The book is an exploration of the complex human mind, an exploration of individuals under a palette of brain malfunctions. Oliver Sacks reveals some of the spectacular cases he encountered as a neurologist and explains each case’s particularities - the physiological implications, the associated syndromes, the social blockages. He approaches each case, not just from a medical perspective, but with a peculiar sensitivity, with the philosopher's eye. He criticizes the classical approach of neurology and medicine that tends to reduce a human being to a pure mechanized system, rather than see it as a personalized soul with unique character. He gets deeper, exploring the un-investigated and discovering a hidden world of the simple.
The man who mistook his wife for a hat is a musician professor who becomes unable to recognize faces and define objects in accordance with their shape, unless they possess a very distinctive single feature. Images does not integrate in whole, inter-relational, bigger landscapes, but remain isolated objects that often interchange their conventional, logical positions. The whole outside world is sustained by the inner music that fuels the capacity of accomplishing daily tasks. When the inner music stops, so does his coherence with mundane activities.

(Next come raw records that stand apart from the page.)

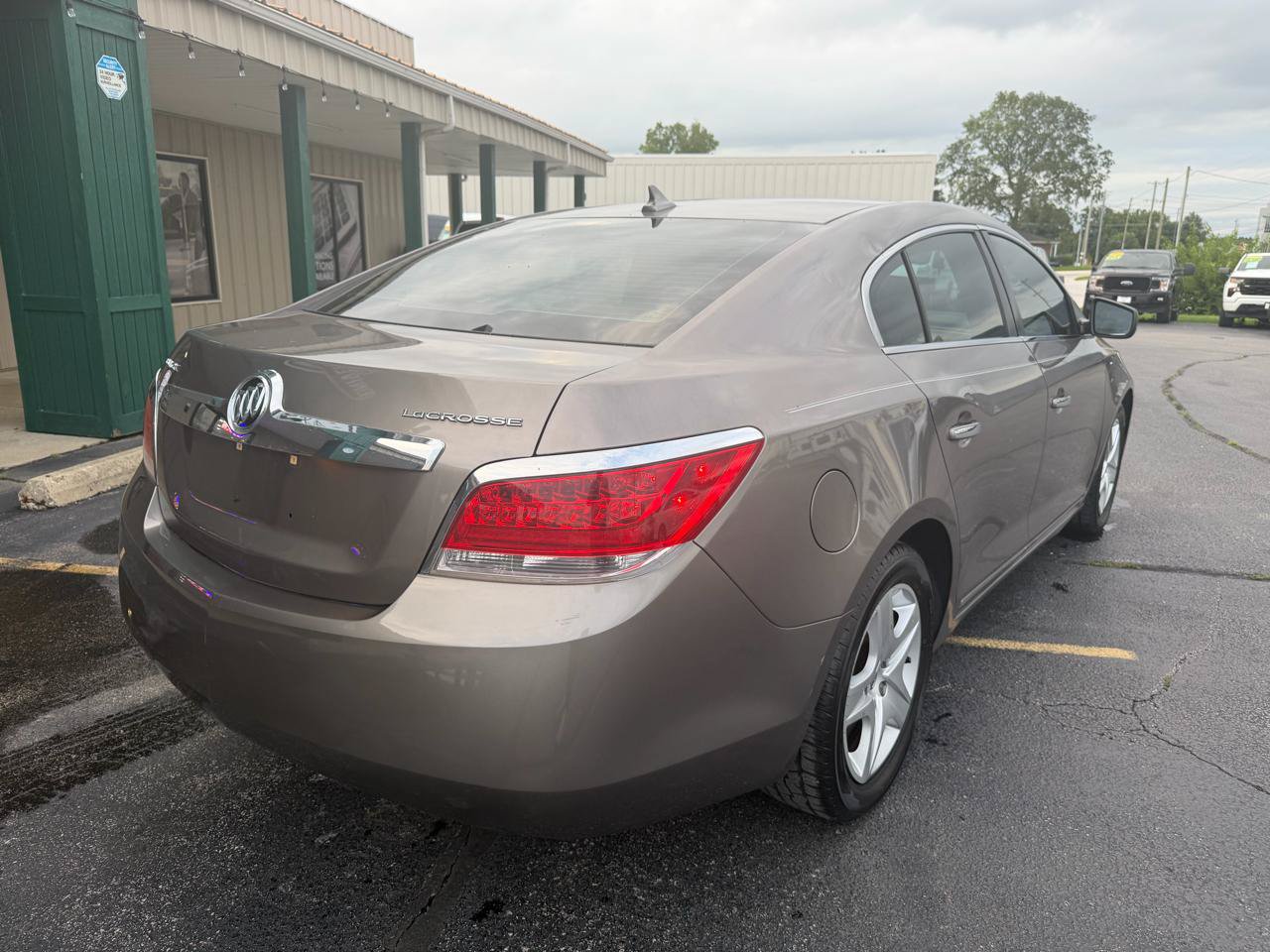 Used 2011 Buick LaCrosse CX FWD image 3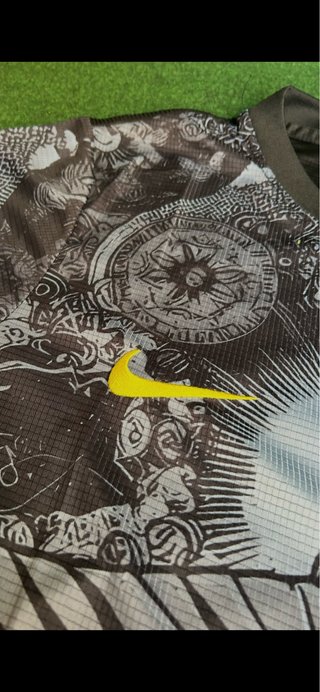 Camiseta Nike Cristo Redentor Negra Multicolor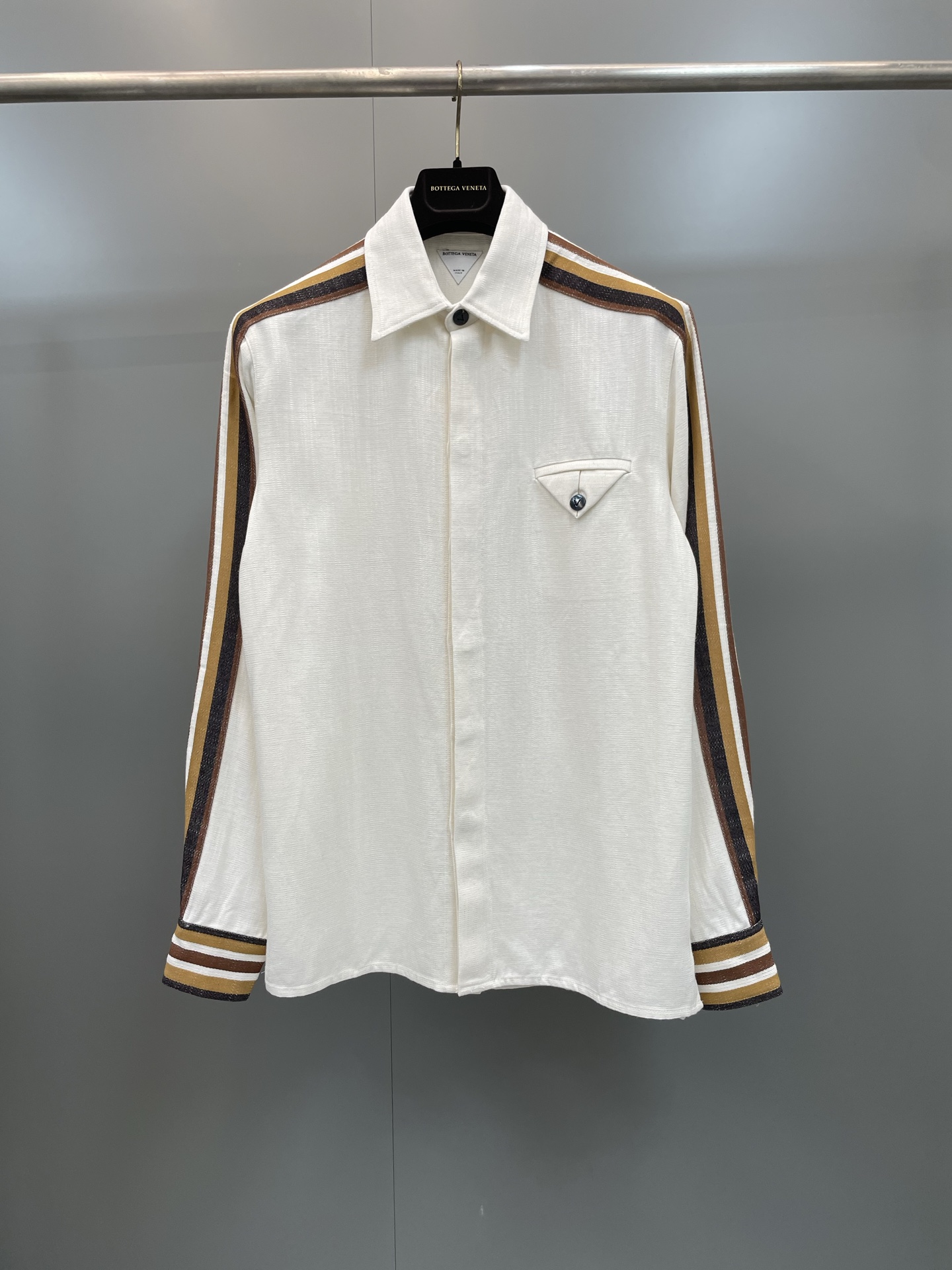 NO:784000,New BV Men's Textured Striped Sweatshirt, BV Solid Sweatshirt Shirt featuring textured Velcro stripe pattern, signature triangle pattern dot collar at chest, hidden button placket, long sleeves, single button cuffs, uneven ventilated side panels, back yoke, straight hem. Fabric: Linen!  ,Bottega Veneta-clothing,bottega veneta,bottega veneta,shirts,19860909新品BV男士纹理条纹运动衫,BV实心运动衫衬衫,饰有质感维可牢多条纹图案,胸前带有签名三角形图案点领口,隐藏式纽扣门襟,长袖,单按钮袖口,不平整的通风侧板 后轭,直边下摆.面料:亚麻！,葆蝶家-服装,bottega veneta,bottega veneta,shirts,,Women's clothing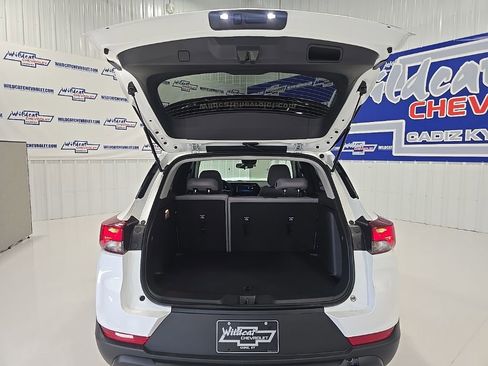 New 2026 Chevrolet TrailBlazer LS w/ LS Convenience Package FWD image 23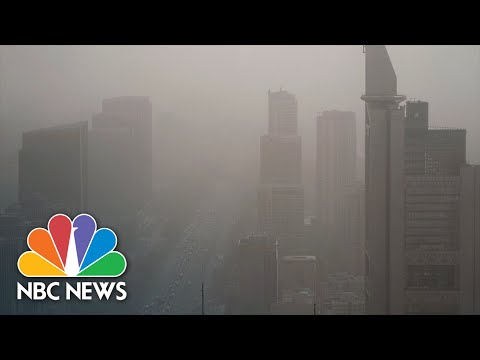 Explore: Sandstorms power Beijing to field air pollution health warning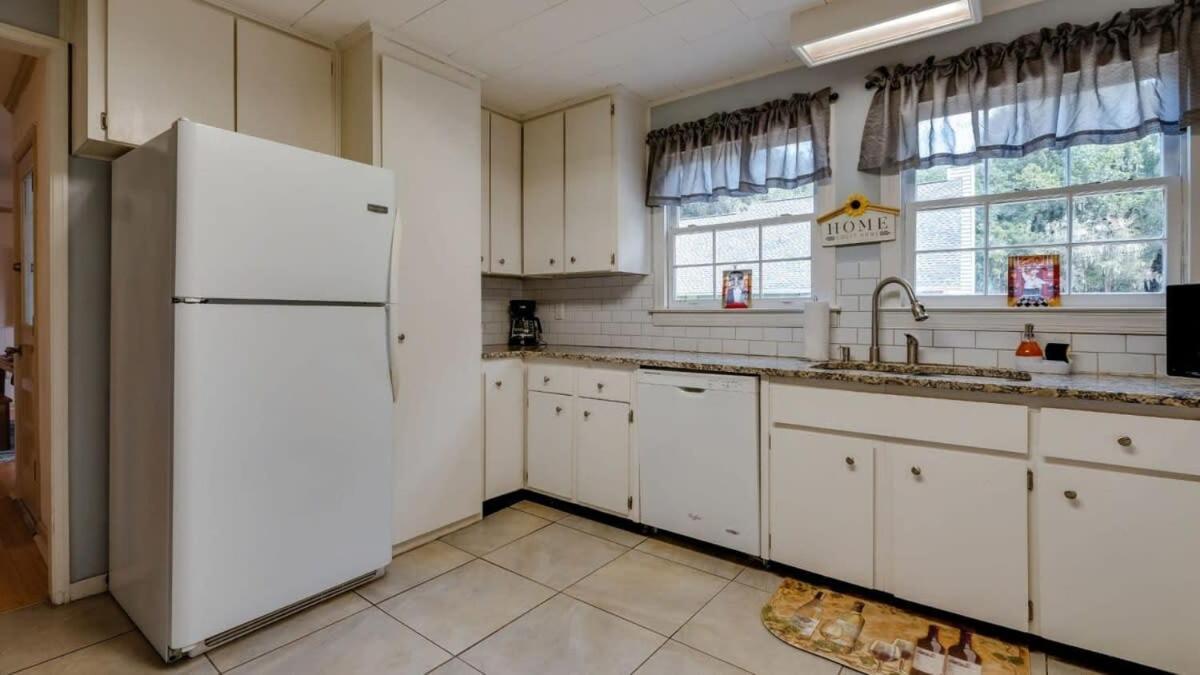 Humbly Happy On Hope Isle-island Feel-large Yard-private Holiday home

The disembodied woman is a young woman whose sudden collapse of feeling her own body, makes impossible the coordination of her body parts and whirls them in a chaotic, out of control play. Her attempts of grabbing or holding things fail, as hands lack motion acuity and seem to have their own will. Her feet feel unsteady on the ground. She ceases to feel her body like her own, she feels disembodied. Struggling to compensate for the loss of her proprioception system, she is able to coordinate her members again only by visual concentration.
The eyes right woman has lost her “left” consciousness, after the right cerebral hemisphere was severely affected by a stroke. The left visual field is dark, she can not look left, she can not turn left, she regularly forgets to make-up her left-sided face, she can not rotate her plate towards left. All her instinctive impulses, her attention, her natural movements are exclusively to the right. If she wants to finish up her meals, she has to rotate herself towards right until the left side of the plate come into sight.
An ordinary day in the home ward. A group of aphasia-diagnosed are watching the President’s speech on TV. The speech is accompanied by frequent bursts of laugh. The nature of compensation is showing off. Their idiocy in understanding words has boosted their receptiveness of decrypting the rich spectrum of non-verbal messages: voice tone, intonation, fluctuations and emphasis, all visual cues. The inauthenticity of the speech stimulates their amusement. It’s a show of false gestures and intonations, of ridiculously emphasized tones and grimaces.
Watching this amused group, one would doubt their capacity of comprehending the speech. One would think the non-verbal language loses its authenticity if not associated with the meaning of words.
Watching this amused group, one would doubt their capacity of comprehending the speech. One would think the non-verbal language loses its authenticity if not associated with the meaning of words.
But then the speech is also watched by an agnosiac lady, who contrary to the aphasiacs, can not distinguish characteristics of voice (intonation, emotions) behind a spoken message. For her, words and relations between words stand out, unaffected by other factors. Her analysis of the speech makes one doubt his/her own abilities of getting the right message. To her, the speech in itself was inconsistent and contradictory: “the speaker was either brain-damaged, either had something to conceal...”
Tourette’s syndrome becomes so embedded in one’s life that it becomes part of one’s personality. The uncontrollable seizures, the sometimes violent gestures and words make the Tourette’s patients easily recognizable. A cure for calming their inappropriate reactions would make some fear they would also loose essential personality traits. The improvised and spontaneous gestures can sometimes boost their performance in life. Should a cure threaten one’s consistency with his personality?
The dog beneath the skin is the story of a young man who experiences extreme enhancement of olfactive senses. This peculiar transition to a primordially olfactive surrounding reality turns his values around. His power of concentration as well as his interests are changing, as he becomes enslaved by the force of smell. The reception of visual information falls on second place, as he now relies on a stronger perceptional input. Places, street corners, objects, humans receive a distinct character through their exclusive smell. The story reveals how the well proportioned human senses play a big role in the normality of life.
For some, the reality is not recognizable in the immediate surrounding experience. The actions which fuel the standard “normal” lives have no meaning and no attraction for them. They are commonly looked at and labeled as retarded, unadapted, antisocial creatures. But for some of them, the reality makes sense differently, taking various shapes: of numbers, of drawings, of music. For the calendar-readers twins, who seem to have mathematical algorithms natively imprinted in their brains, numbers are regarded as friends. Numbers are full of life, have distinct characters, are personified. For the musical encyclopedic retarded, music is the only thing that gives him coherent self-expression. For the autist artist, drawing is an act of communion with the outside world.
Oliver Sacks takes each case and integrates it into normality. A normality that has no standardized forms, no prejudices, no concrete rules. A normality that expands to boundaries we might have never thought of.